Bangui (ANTARA News) - Seorang tentara penjaga perdamaian PBB tewas dan delapan orang lainnya terluka dalam serangan oleh kelompok bersenjata di Republik Afrika Tengah di ibukota Bangui, menurut sumber militer, Minggu.
"PBB melancarkan operasi dengan mengirimkan patroli," setelah kantor kejaksaan Bangui mengeluarkan surat perintah penangkapan mantan pemimpin aliansi pemberontak Seleka, yang merebut kekuasaan pada tahun 2013 sebelum dipaksa untuk mundur tahun lalu, kata pejabat MINUSCA PBB.
"Saat pasukan (PBB) helm biru mendekati daerah itu, mereka menjadi sasaran kelompok bersenjata dan membalas," kata petugas itu, seperti dikutip AFP.
"Ada satu kematian di pihak pasukan helm biru MINUSCA dan sedikitnya delapan orang lainnya ditembak dan terluka ... Sebuah kendaraan PBB rusak parah," tambahnya, tanpa memberikan kewarganegaraan prajurit yang tewas.
Warga di distrik KM5 lokasi terjadinya baku tembak itu mengonfirmasi melalui telepon bahwa baku tembak yang terjadi, telah menyebabkan beberapa warga sipil terluka oleh tembakan.
"Ketegangan tetap tinggi" di daerah itu dengan toko-toko dan pasar ditutup, menurut seorang saksi.
Menteri Keamanan Dominique Said Paguindji mengatakan operasi sedang berlangsung, tanpa mengonfirmasi jumlah korban.
"Setelah tenang dan keamanan dipulihkan ... kami dapat melihat jumlah korban operasi ini," tambahnya.

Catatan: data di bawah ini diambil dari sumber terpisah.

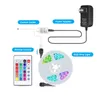 SMD 3528 5 M 300ED RGB LED Strip Light Wodoodporna Oświetlenie Outdoor Lighting Multicolor Taśma Taśma 24Keys DC12V Adapter Set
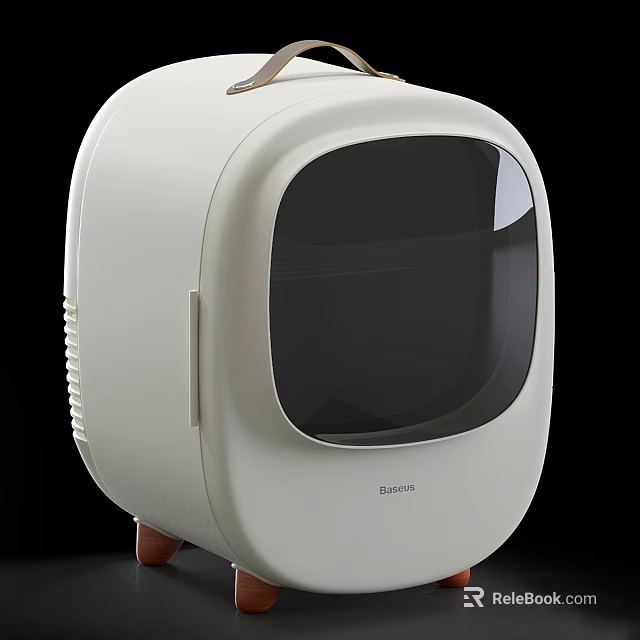 White Balanced Daily Use Appliance With Transparent Window And Wooden Legs 3d model 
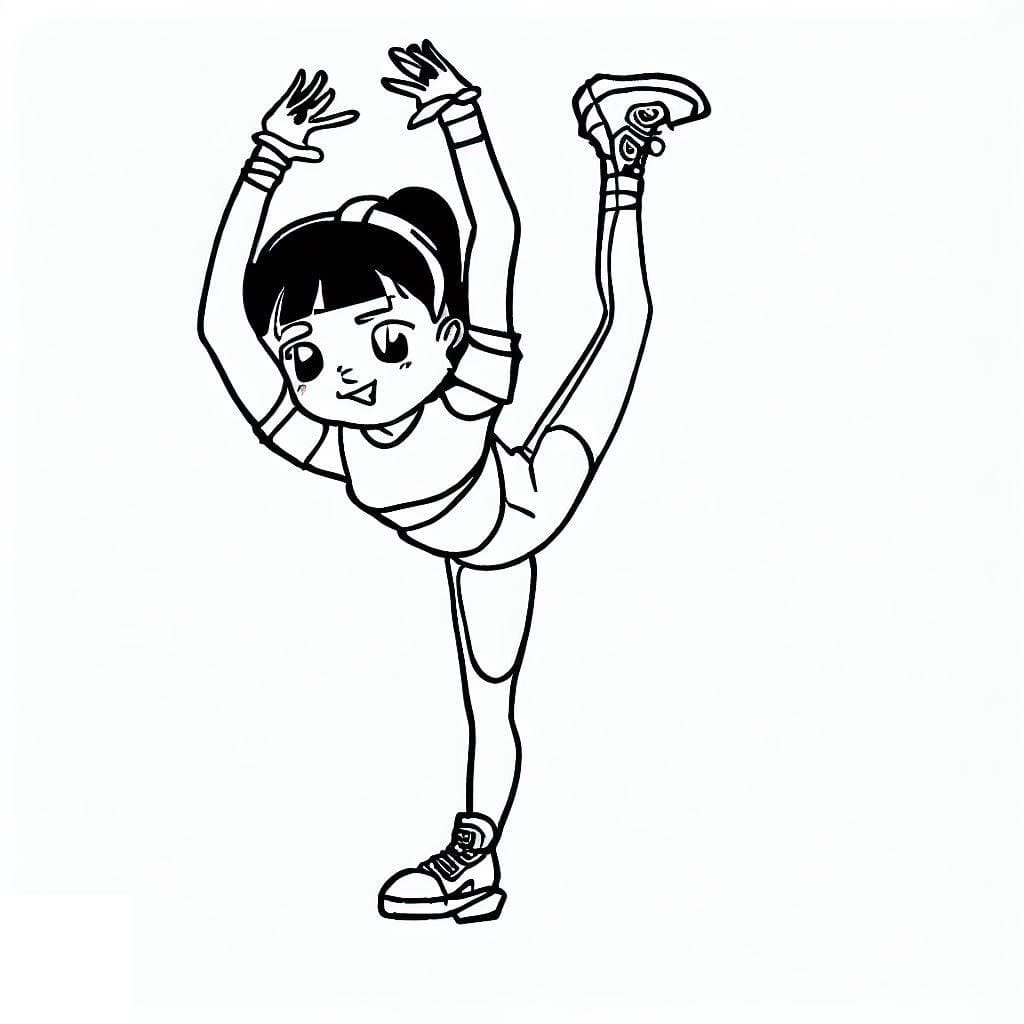 Desenho de Menina de Alongamento para Colorir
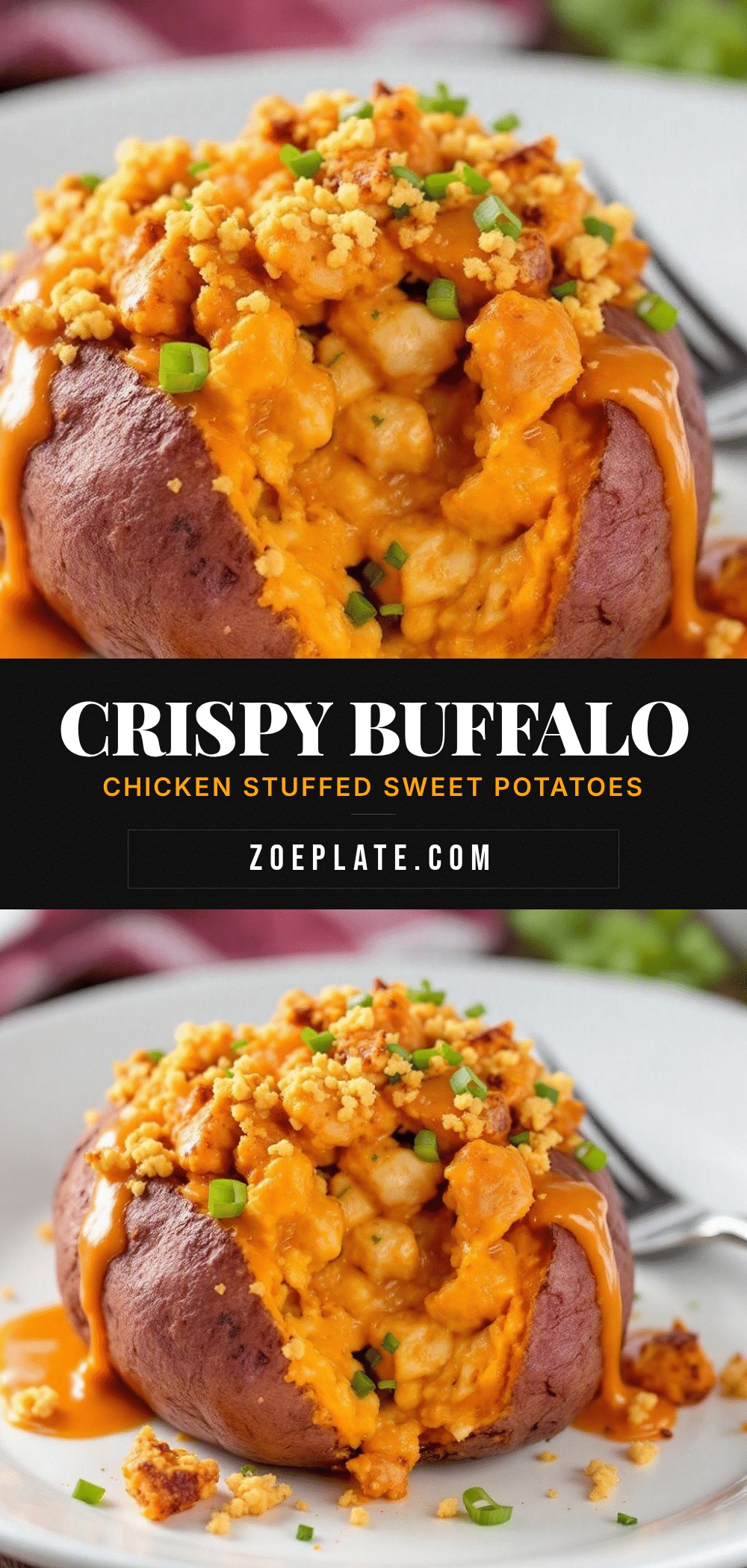 Crispy Buffalo Chicken Stuffed Sweet Potatoes recipe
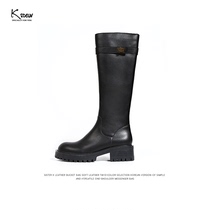 K elder sister small fragrant wind thin Knights boots Joker warm non-slip hardware buckle round head plus velvet womens boots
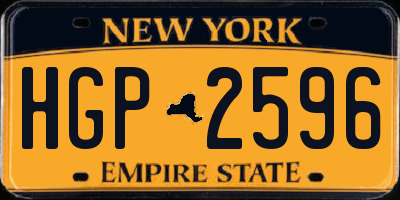 NY license plate HGP2596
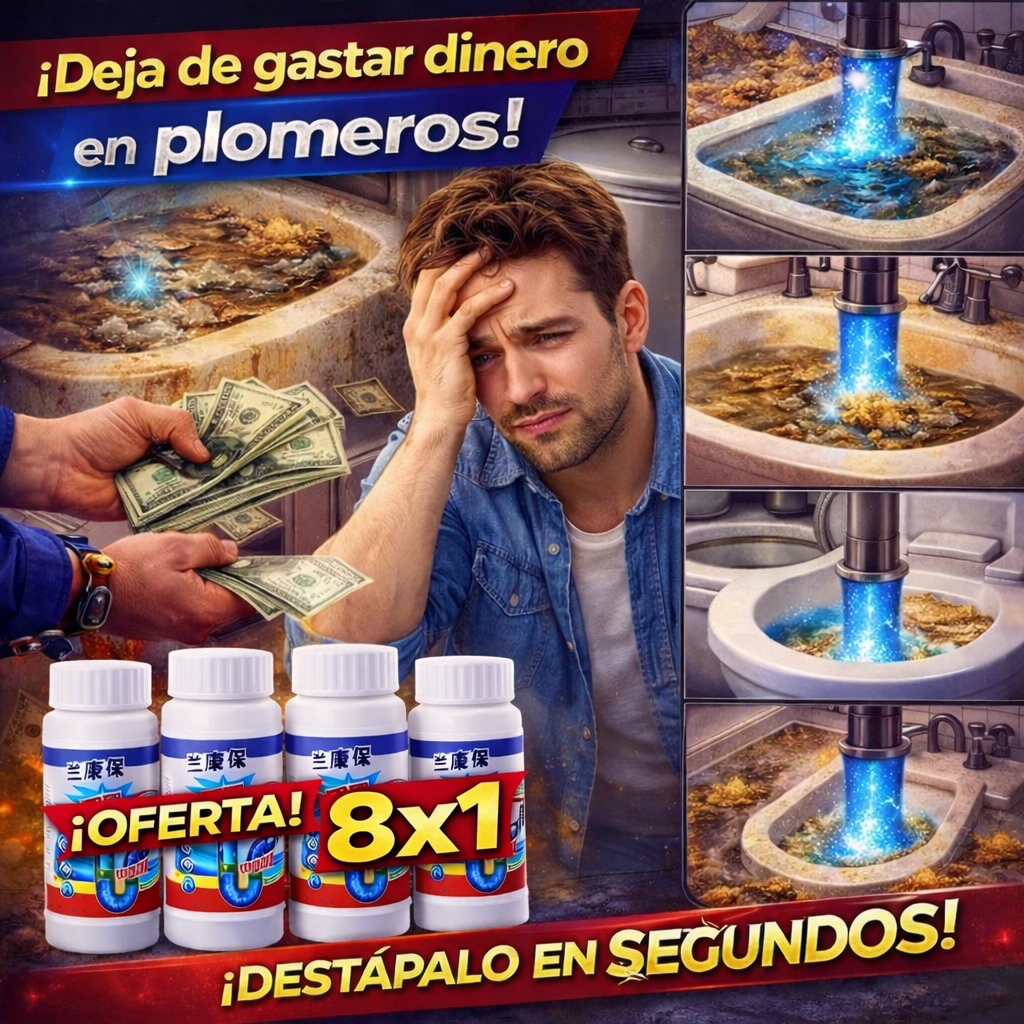 8x1 DestapaMax® - Más limpio, sin olores y sin gastar en plomeros + 🎁 Manual 12 pasos simples para tener un hogar inteligente gastando menos GRATIS + Envío Gratis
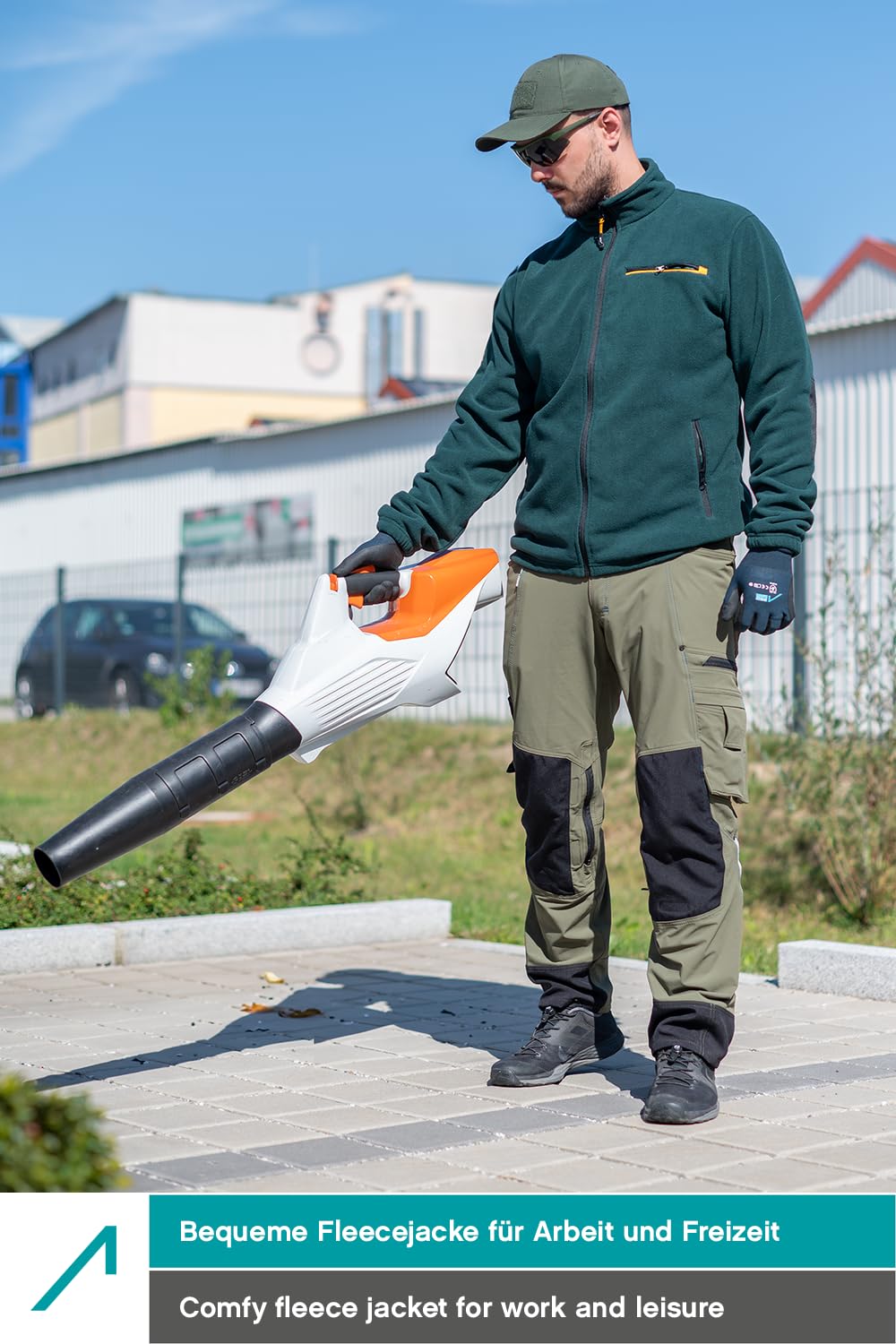 ACE Giacca in pile da uomo - calda giacca outdoor senza cappuccio per uomo - zip a tutta lunghezza e tre tasche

Kudeta 2013 menggulingkan Presiden Francois Bozize dan mendorong negara itu masuk dalam konflik yang memiliki dimensi agama yang belum pernah terjadi sebelumnya, membagi kawasan Kristen dan Muslim.
Sebagian besar kelompok milisi "anti balaka" Kristen - dibentuk untuk membalas aksi kudeta pemberontak Seleka, yang memicu gelombang pembunuhan, pemerkosaan dan penjarahan.
Republik Afrika Tengah dijadwalkan untuk mengadakan pemilihan umum pada Oktober, tapi pemilihan umum itu telah dimundurkan tiga kali pelaksanaannya sejak bekas koloni Prancis itu bergulat dengan krisis terburuk sejak kemerdekaannya pada tahun 1960.
Ratusan ribu orang telah melarikan diri dari kerusuhan sipil mematikan di negara yang terkurung daratan itu sejak 2013, dengan pemilihan umum yang akan datang dilihat sebagai tes kunci bagi prospek rekonsiliasi.
Awal bulan ini PBB mengatakan pihaknya "terkejut" bahwa pihak berwenang di negara itu berencana untuk melarang pengungsi dari mengikuti pemilihan umum pada Oktober, dengan hampir 200 ribu warga sebagian besar umat Islam terancam kehilangan haknya.